Here's the TSB link:



https://static.nhtsa.gov/odi/tsbs/2018/MC-10129902-9999.pdf


----------



## Barry Allen (Apr 18, 2018)

nothavingfun said:


> but not the pressure plate


If the pressure plate is damaged/contaminated by hydraulic fluid from a slave cylinder failure, it should be covered under warranty as "other parts damaged" or whatever the code is to get it warrantied.

My car shiat the bed twice. The second time, the clutch plate was contaminated with fluid. They eventually replaced it under warranty for the above reason.


----------



## Barry Allen (Apr 18, 2018)

Here is the most recent "C" version of that TSB:






PIP5558C Chevrolet Technical Service Bulletin


PIP5558C Chevrolet Technical Service Bulletin




www.tsbsearch.com


----------



## nothavingfun (2 mo ago)

jblackburn said:


> The slave cylinder is an issue with 100% of Gen 2 manual transmission cars.

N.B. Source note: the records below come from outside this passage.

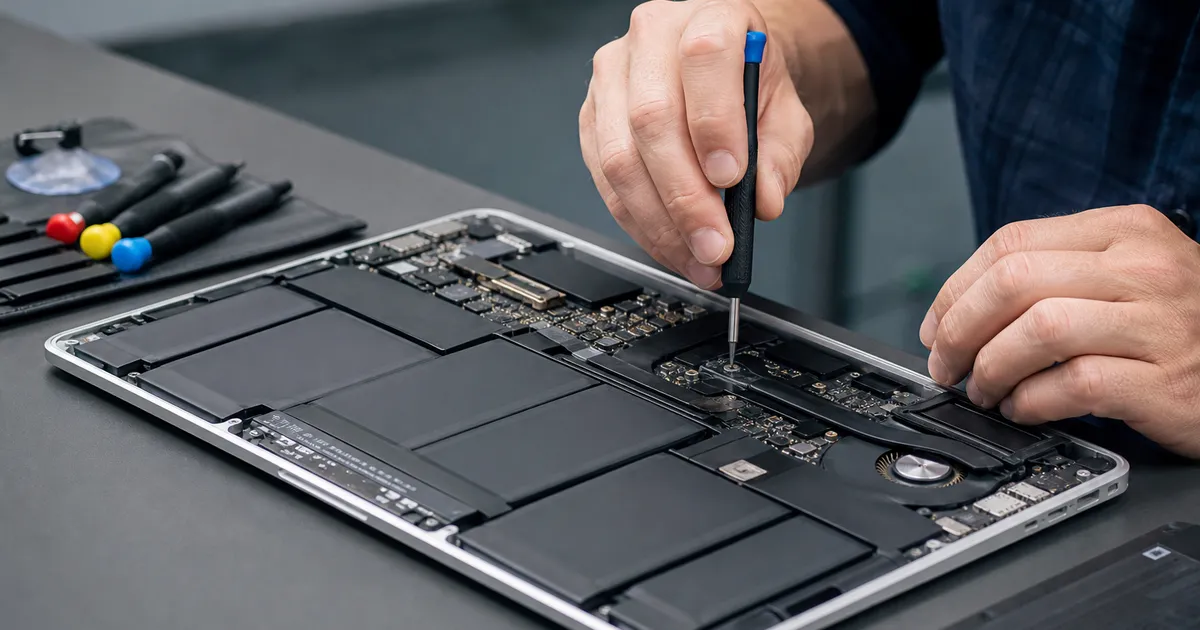 Técnico realizando manutenção em um notebook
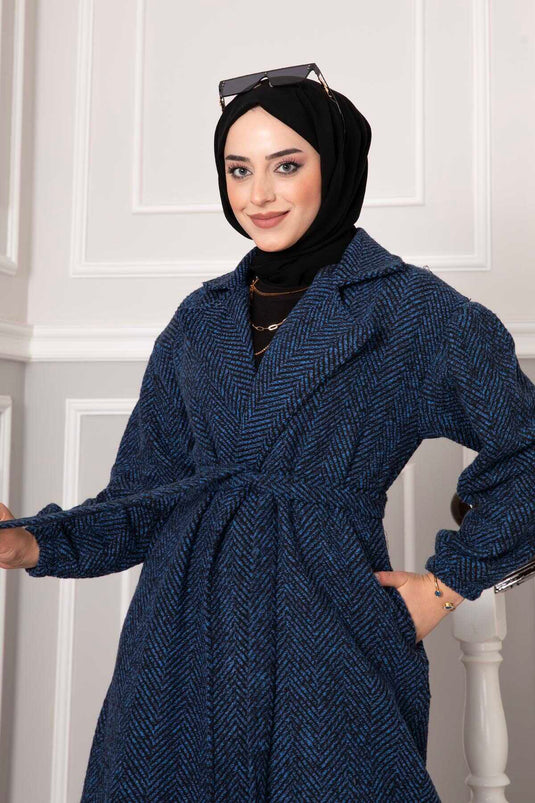 معطف منقوش متعرج أسود ساكس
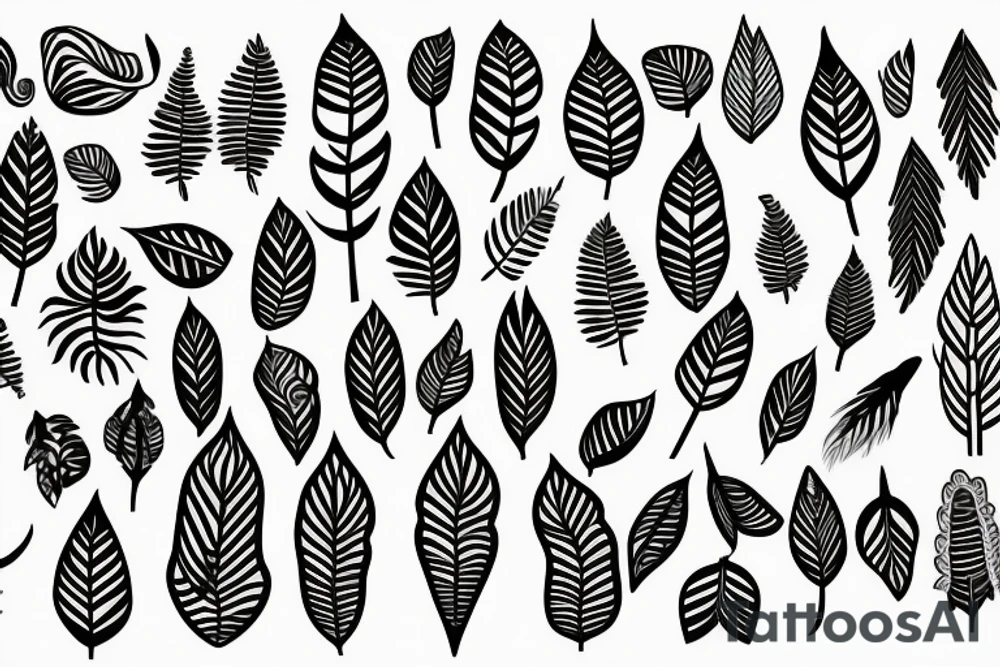Long slim tree that has radiant energy and tribal leaves across the back tattoo idea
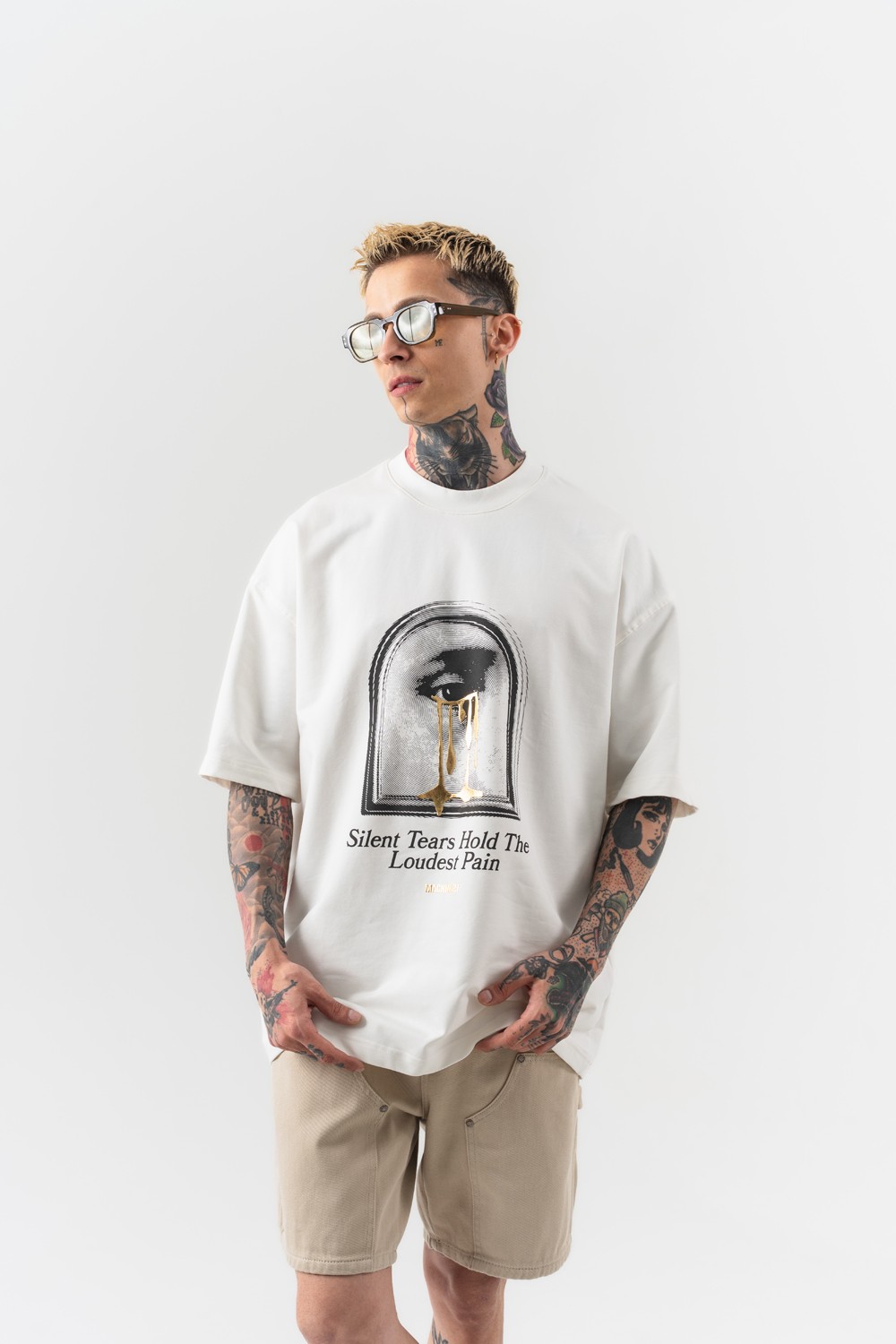 Goldtear Kabartma Baskı Oversize T-shirt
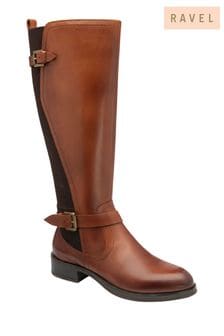 Ravel Brown Leather Knee High Boots (681563) | 693 QAR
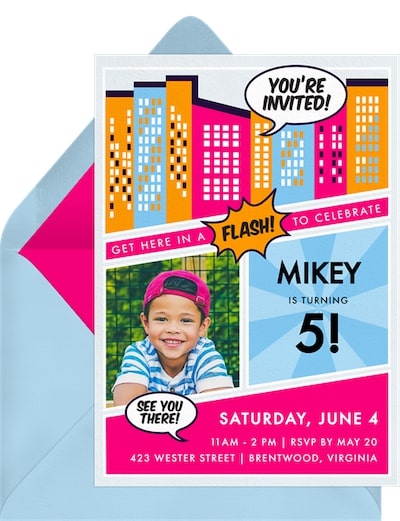 4th birthday party ideas: Comic Book Invitation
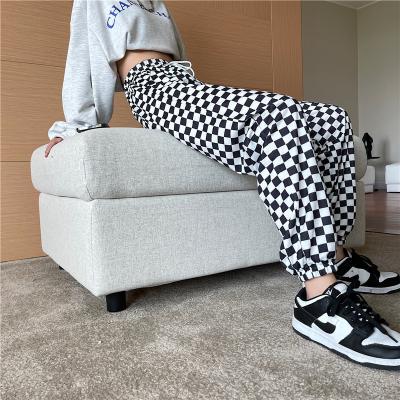 China Checkerboard Beam Breathable Harem Pants 2022 New Autumn Korean Version Women's Sports Straight Loose Casual Slim Pants for sale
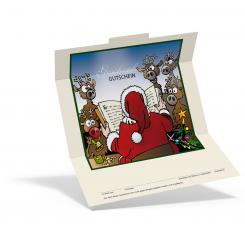 Geschenkgutschein Weihnachten "Bücher Santa" 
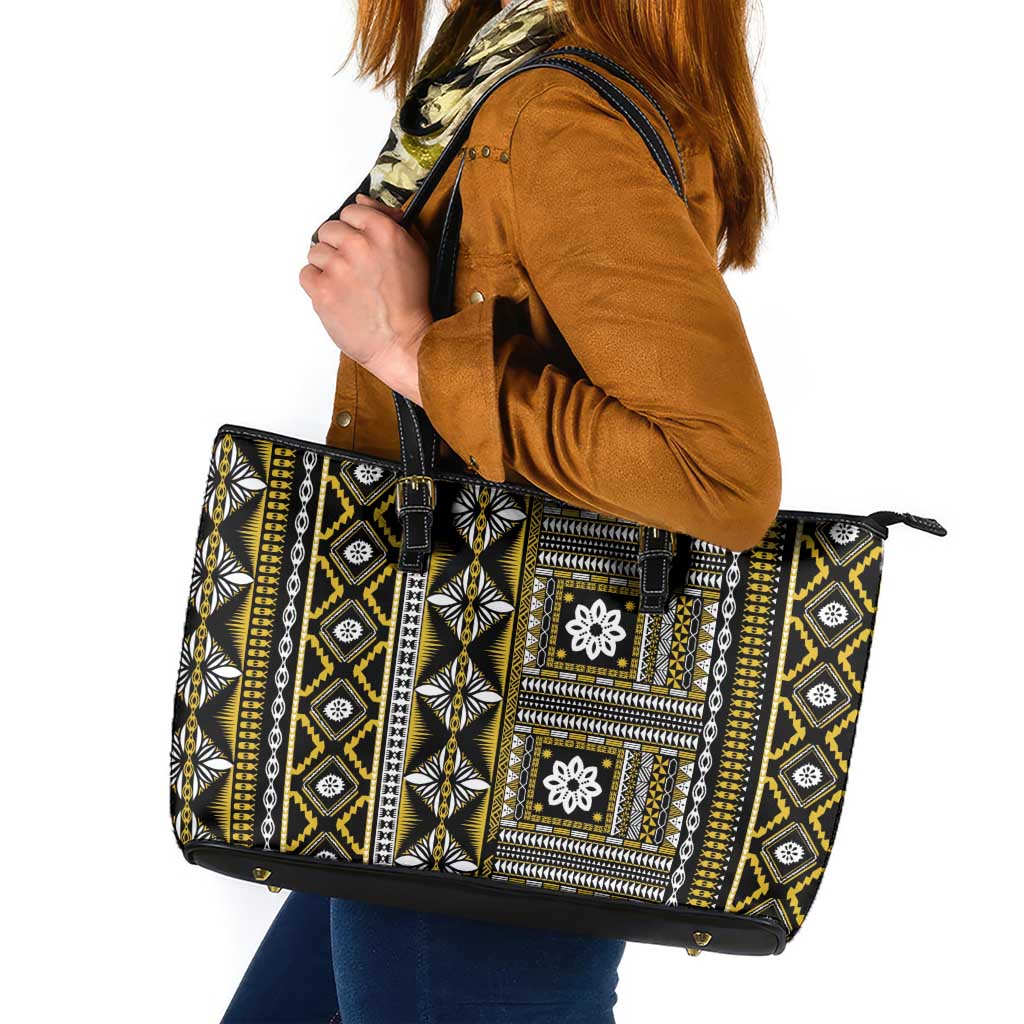 Fiji Masi Tapa Pattern Yellow Leather Tote Bag LT01 Yellow - Polynesian Pride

The clutch line degrades internally and clogs the slave cyl.
> 
> There's a General Motors TSB on it, and it should be covered under powertrain warranty if you're still under that (5 yr/60k miles).
> 
> As far as the pistons - run higher octane, and run a oil with good low-speed preignition (LSPI) protection to avoid it happening again.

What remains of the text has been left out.